Skechers, one of the leading footwear makers in the US, is a heavyweight rival to two global footwear brands, Nike and Adidas.

“Last year, the US footwear giant distributed more than 200 million products and now intends to shift investment from China to Vietnam. The investor said its Vietnamese investment might reach between $700 million and $1 billion,” said Thuan.

Vietnam distributed more than one billion pairs of shoes and sandals to the global market in 2017, ranking second behind China with 13.8 billion pairs.

Vietnam raked in $18 billion from footwear and handbag exports last year, up nearly 11 per cent on-year. The foreign-invested sector accounted for more than 80 per cent of the total export value.
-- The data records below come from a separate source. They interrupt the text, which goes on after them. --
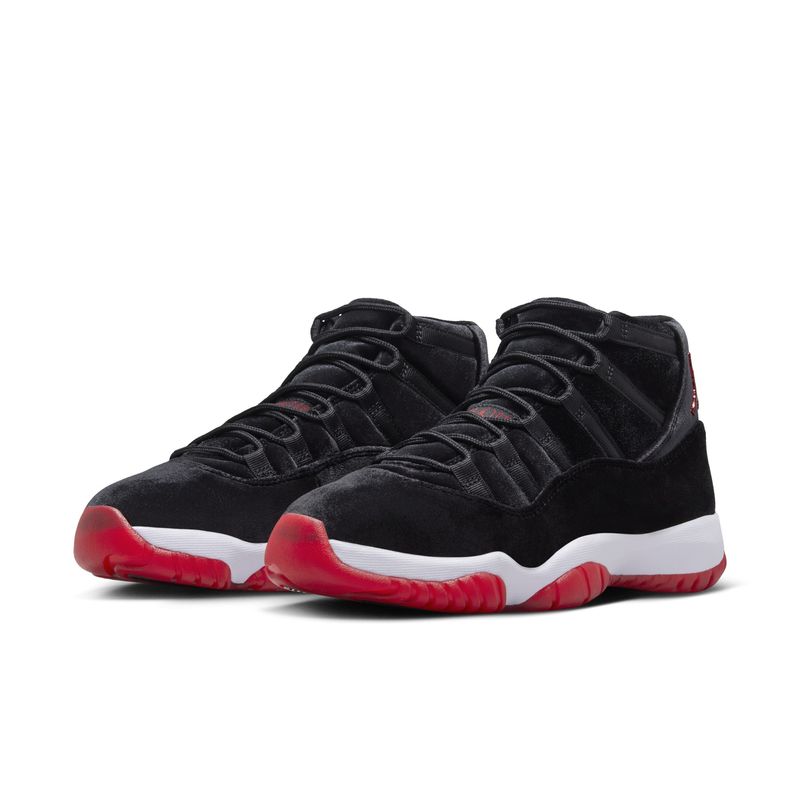 Engraved 11 Leisure Shoes Men's Sports Shoes Winter New Cushioned Basketball Shoes Women's Running Shoes_voghion.com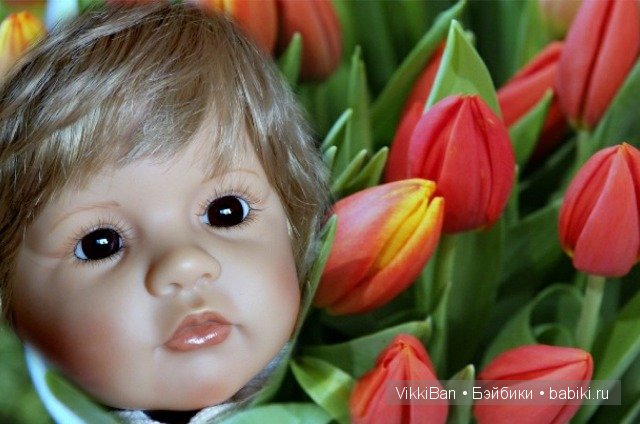 Niklas от Bettine Klemm — Коллекционные куклы Zapf Creation (Запф): Designer Collection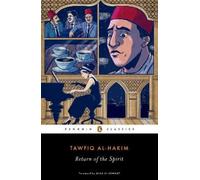 Tawfiq al-Hakim Return of the Spirit (Tascabile)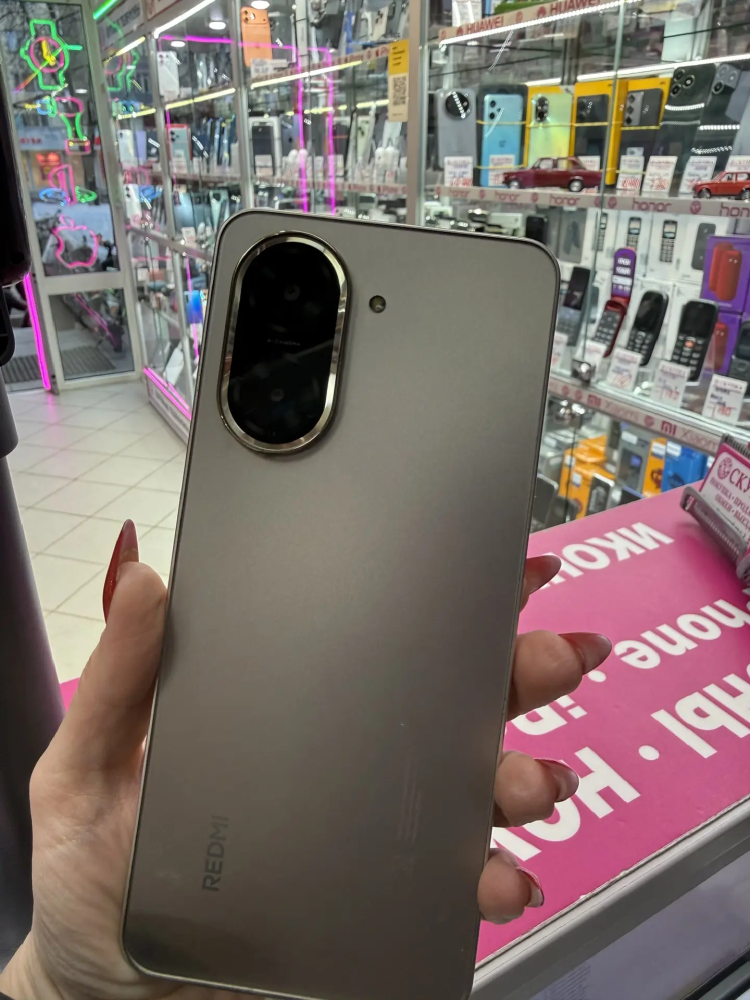 Смартфон Xiaomi Redmi A5 3-64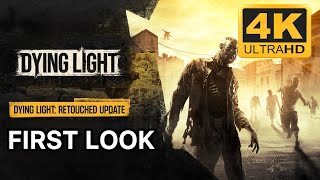 Dying Light : Retouched (2025) Gameplay [4K/60FPS XSX] - No Commentary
In April 2017, Idea Ltd. – part of Taiwan’s Pou Chen Group, the largest branded athletic and casual footwear manufacturer in the world – signed an agreement to lease 20 hectares in Ho Chi Minh City’s Tan Tao Industrial Zone valued at VND500 billion ($22.7 million).

According to a Pou Chen representative, after signing the land lease contract, the investor quickly engaged in legal procedures to pave the way for production factory construction. Once operational, the factory could provide jobs to more than 100,000 labourers.

Pou Chen dropped anchor in the Vietnamese market in 1994, opening its first factory in the southern province of Dong Nai.

Since then, the group has expanded production to many Vietnamese locations with a string of large-scale production factories.

Its total investment in Vietnam has surpassed $1 billion and provided jobs for nearly 200,000 local labourers.

Last year witnessed a slowdown in foreign direct investment (FDI) capital flow into Vietnam’s footwear sector. According to LEFASO, the US’ withdrawal from the Trans-Pacific Partnership agreement in late 2016 was the major reason behind this slowdown.

Phan Thi Thanh Xuan, LEFASO general secretary, said that slower growth in the sector’s import value of tanned leather, machinery, and equipment compared to previous years has attested to a halt in FDI capital flow to the sector.

Particularly, the import value of machinery and equipment into the sector decreased to $146 million in the first 11 months of last year compared to $170 million a year during the 2015-2016 period.

Similarly, import value of tanned leather was reduced to $1.5 billion, compared to nearly $1.6 billion in 2016.

The anticipated enforcement of the Vietnam-EU free trade agreement this year, however, is expected to provide impetus for a surge in FDI capital flow to the footwear sector.